Mas Herrero alerta que as vacinas russas, chinesas e índias não bastarão. “Confirmam a lógica individualista que se destaca desde o início da pandemia, o ‘salve-se quem puder’”, observa. No entanto, sua simples existência ilustra “a importância de fomentar e fortalecer a produção pública”. Não por acaso, apenas 2 das 10 vacinas orientais em uso foram desenvolvidas por empresas privadas.
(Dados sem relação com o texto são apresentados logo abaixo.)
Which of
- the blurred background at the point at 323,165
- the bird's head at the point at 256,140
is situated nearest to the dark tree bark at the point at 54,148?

No Ocidente, nenhuma vacina é pública, embora tenham sido financiadas com dinheiro governamental. Por último, a socióloga argentina sente falta de mecanismos globais que funcionem efetivamente.

Esse mecanismo global deveria ser a Covax. Como recorda Virginia Rodríguez, especialista em questões políticas do ISGlobal, “a ideia inicial era criar um mecanismo para distribuir as vacinas em nível global de forma equitativa”. Mas, ao impor-se a lógica individualista destacada por Herrero, “os países mais ricos priorizaram seus interesses: imunizar primeiro a sua população”. Quando os Estados com mais recursos começaram a comprar e a monopolizar, “observou-se que a Covax, por seu volume de aquisições, se tornaria uma ferramenta para os países de renda média. Os mais pobres dependem das doações para o sistema e das vacinas restantes, e estas demorarão a chegar”. E é aqui, conclui Rodríguez, “onde se abre espaço para as vacinas russas e chinesas”.